Seeing the remnants of this flashflood brought all those memories back; trailers, cars, odd items displaced and scattered by the flood. I was happy to drive up to the Still Life Cafe in Independence, park out front, and dash in. It looked like they were winding down for the evening, and I assumed that they’d been slammed with patrons stuck in Independence because of the road closure. Yes they would serve us, yes come in, yes, corkage is $10, no they hadn’t been unusually busy–most of the tourists headed to Subway across the street. Two tables had people enjoying their meals and another couple followed us in.
Those people who chose Subway over the Still Life missed out. The Still Life Cafe is a fine french bistro, originally located in the town of Olancha, near the shores of the Owens Lake. Back in 2001, we read a rave review in the LA Times, so on our next trip to Saline Valley Hot Springs in Death Valley NP, we planned our trip home around a stop for dinner there. The cement block building raised our eyebrows; the full establishment had us nod to accept a small table amongst the happy diners. We started with an appetizer of delicious chartcuterie, followed by a simple salad with an amazing vinaigrette, and the best pork tenderloin and fried potatoes ever. Manu Chau, with his distinctive multilingual and multicontinental stylings, played on the stereo.
When the restaurant lost its Olancha lease, it took awhile to find a new home and get established in Independence in an old wooden storefront painted a sunny mustard and with rustic antique furnishings and local paintings allowing for an annual visit.
Today we settle in and peruse the menu. In the past, we have enjoyed duck, rabbit, sausage, and other dishes unusual to our suburban, conservative restaurant scene (it is improving I must admit). I am attracted to the mussels which have sold out, and decide on bolognese or red meat sauce; the Big Monkey orders a skirt steak, and we chill the Only Son Barossa Valley 2005 Tempranillo. This is another varietal new to me, but familiar as spanish rioja, and I imagine it will work well both with his steak and my pasta. Once it has cooled off, we decide it’s good, dark ripe cherry in the glass (ahh a real wine glass!), not much of a nose to notice, a bit tannic …maybe it needs food to show it off more? The tempranillo does go well with our dinners. The herbs and flavors of my bolognese are complex and delicious and out of this world and I can barely get any because the boy wants it all!

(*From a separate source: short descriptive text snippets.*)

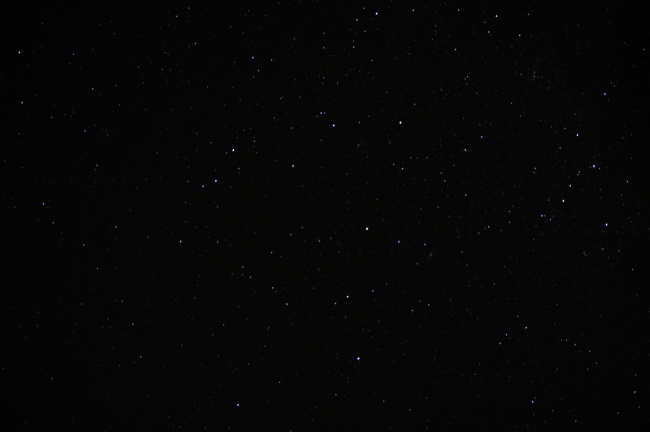 b0291820_21002851.jpg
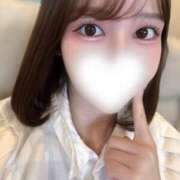 ヒメ日記 2025/09/03 17:31 投稿 こと★純白巨乳のキス好き美少女 S級素人清楚系デリヘル chloe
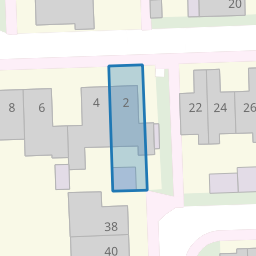 Perceel SPR01-B-5056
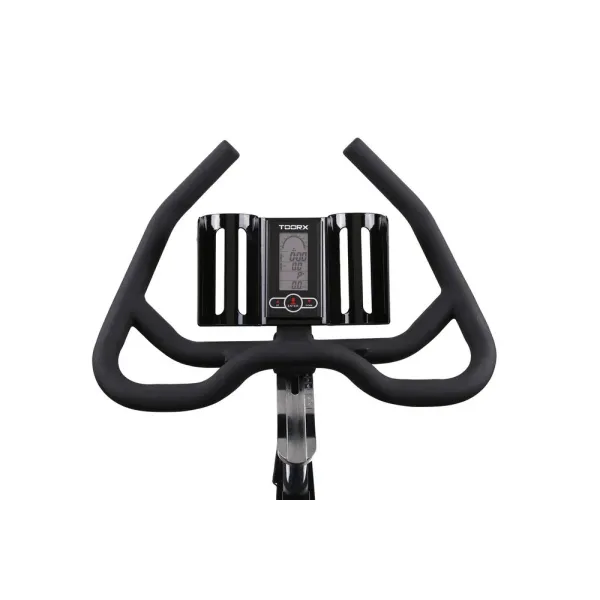 Сайкл-тренажер Toorx Indoor Cycle SRX 80EVO (SRX-80EVO)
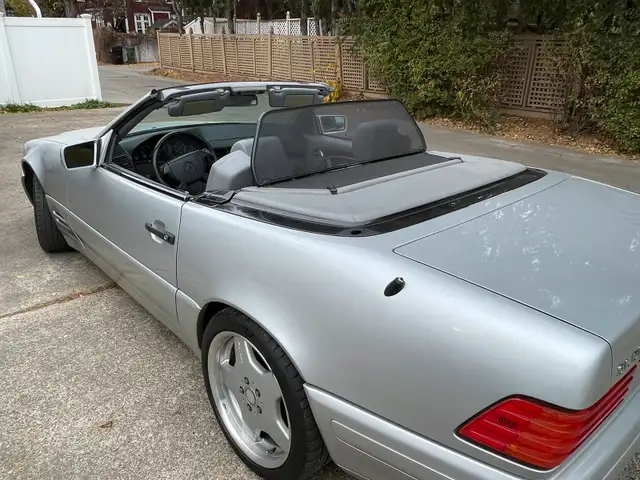 1998 sl50063417673207937123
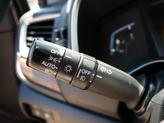 Thumbnail of 2017 Gunmetal Metallic Honda CR-V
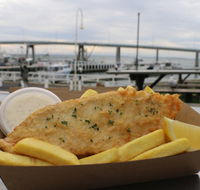 San Remo Fisherman's Co-Op - Pubs and Clubs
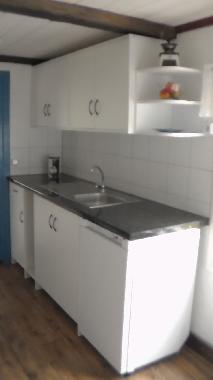 Maison de vacances �/en/au M�nsteras kommun (Smaland)ou appartement ou maison de vacances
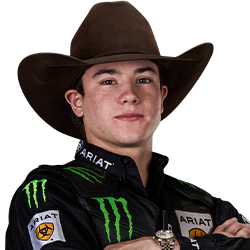 PBR Default Image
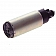 Carter Fuel Pump Electric - P76395
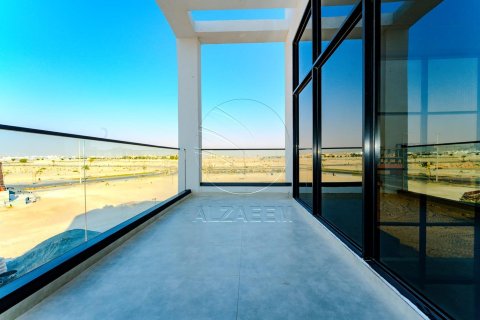 Villa de 4 chambres à Al Shamkha, UAE No. 91541 12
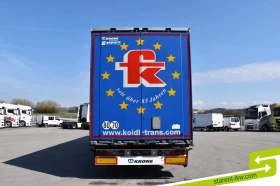 ����������� Krone TR26109 | Mobile.bg � ����� ������ 6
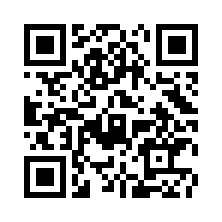 QR Code for 1MTs78fp8PEMvgMhpPHKFF69Fqp6Pv8w5Z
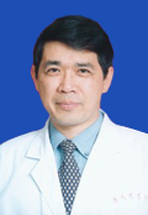 劉偉民
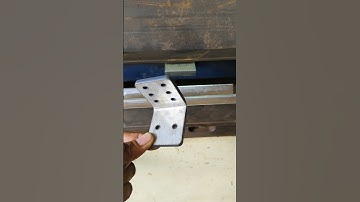 CNC beading machine #noplaser #machine #shortvideo #cnclasercutting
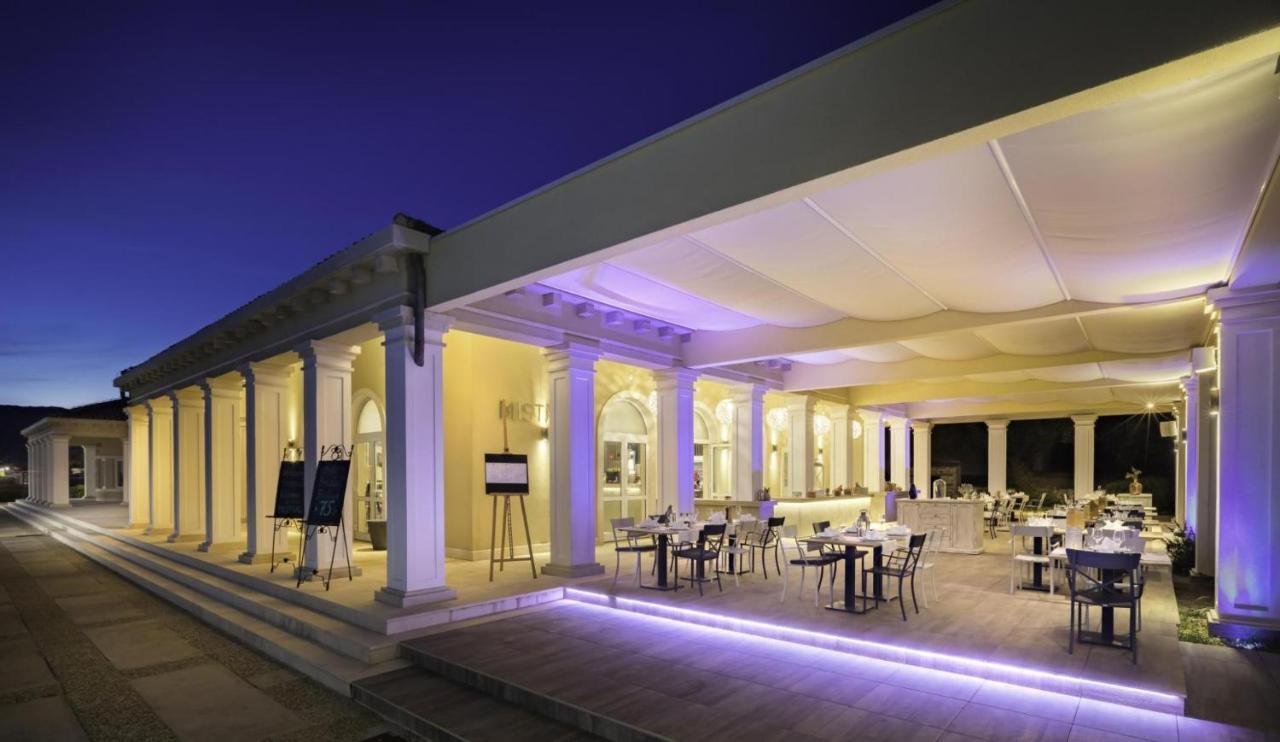 Apartment Aci Marina ツレス エクステリア 写真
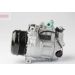 DENSO Kompressor DCP17154
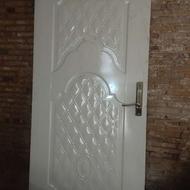 درب ام دی اف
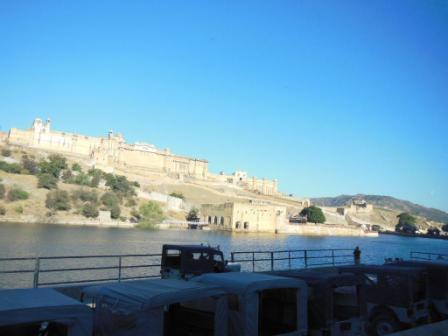 20130109_amberfort.jpg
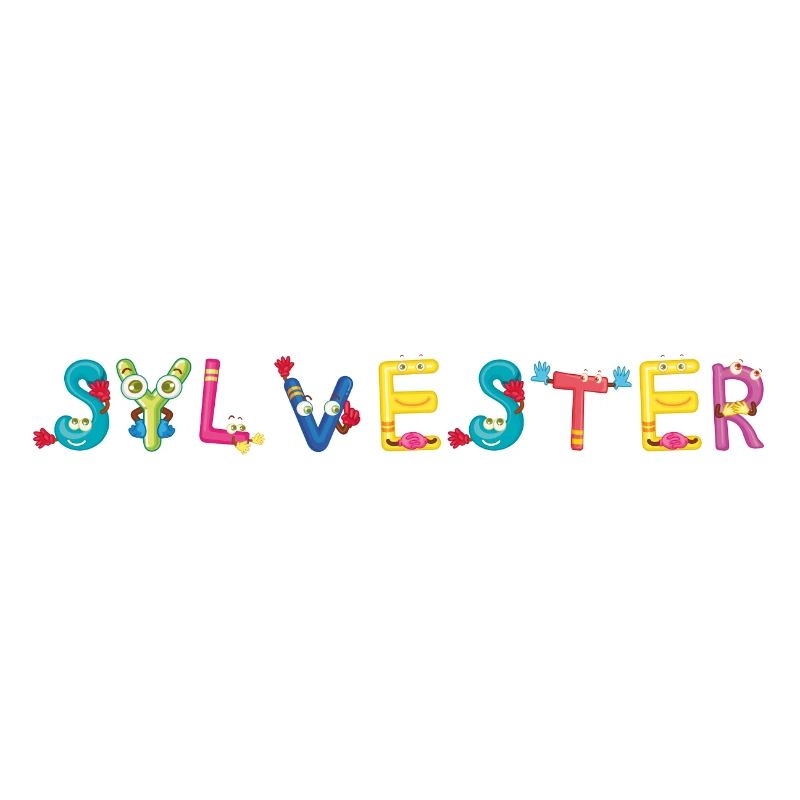 Sylvester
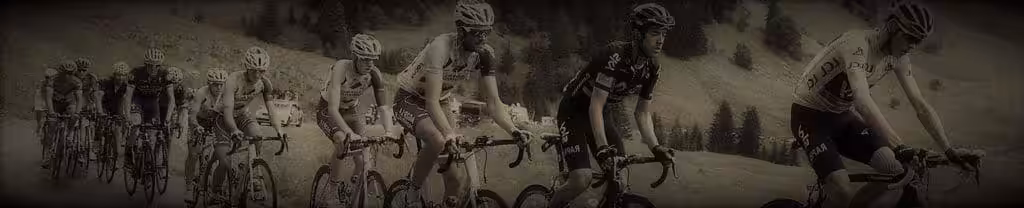 Všetko o Tour de France na jednom mieste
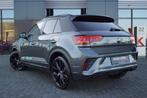 Volkswagen T-ROC 1.5 TSI DSG R-Line Black style 150pk /IQ Ma, Automaat, Huisgarantie, Bedrijf, SUV of Terreinwagen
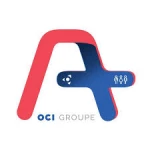 Logo Athéo Ingénierie - Intégrateur SI Cybersécurité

However, after so many stunningly wonderful wines like last night’s Brothers in Arms 2002 shiraz, the 2002 RBJ Mataro, the Dead Letter Office, I am disappointed with this tempranillo. It could be a combination of factors–this wine is younger and different temperamentally than the more outrageous mataro and shiraz. It is more restrained, what I think of as more European in style, and made with a traditionally European grape. The alcohol at 14.9 is comparable to the others we’ve been drinking but more apparent in this wine. Maybe it needs more time in the cellar for more complexity to show.
After a very leisurely dinner (this is not a restaurant to rush through), we drive south another 30 minutes then climb a thousand feet out of Lone Pine on the Whitney Portal Road to the Cottonwood Road and Tuttle Creek Campground. The moon peeks through the clouds to outline the jagged Sierra ridge as rain falls. We choose a site where we can hear the roar of the creek and which promises shade in the morning from two young trees.
Our bellies full and content, all is well. Tomorrow we will have brook trout for breakfast!